February 25th, 2010


Indexing web pages with Solr, like magic

Once upon a time, not so very long ago, the only people who could get Lucene/Solr to index HTML and plain text files were wizards skilled in the ways of compiler compatibility, library dependencies, and the dreaded make.

Fear no more! As if by magic, it's now quite simple.
  • Firstly, the Solr project has incorporated the Apache Tika code, which can open and read text from most of the most popular file formats, including plain text, XML, PDF, Microsoft Office formats, and even HTML. Tika can do more, it's a content analysis toolkit, but for Solr purposes, it's the opening and reading that matters.

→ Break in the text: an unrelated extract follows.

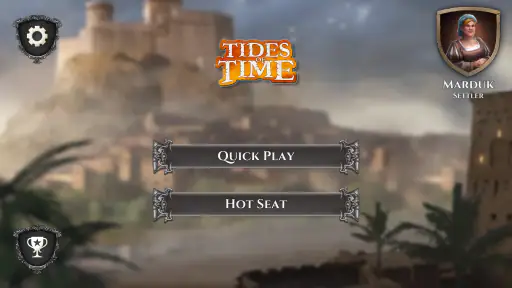Tides of Time 4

    The Solr interface for Tika is Solr Cell (in the source code, ExtractingRequestHandler), and it just works. You call Solr update with the addition of the RESTful path /extract, give it file name, a few parameters, and zing! it's indexed. If you use a corresponding schema, not only is the text indexed, but internal metadata (like title tag) and external metadata, (like file name and size), are also stored as fields which are can be indexed, stored, and searchable.
  • Secondly, I have written a tutorial on exactly how to use Solr Cell to index text and HTML files, using the curl command line utility. It walks through these steps:

    • changing the example LucidWorks or Solr Tutorial schema to store full text
    • test-indexing a local XML file
    • indexing a local text file
    • indexing all text files in a folder
    • indexing a local HTML file
    • Indexing a remote HTML file as a web page.

      and has lots of suggestions on where to go next.
The tutorial is free to everyone, thanks to Lucid Imagination who paid me to write it. It is on their site in the solutions section as Indexing Text and HTML Files with Solr (registration required). And thanks to the Solr Cell committers, who made everything so much easier than before.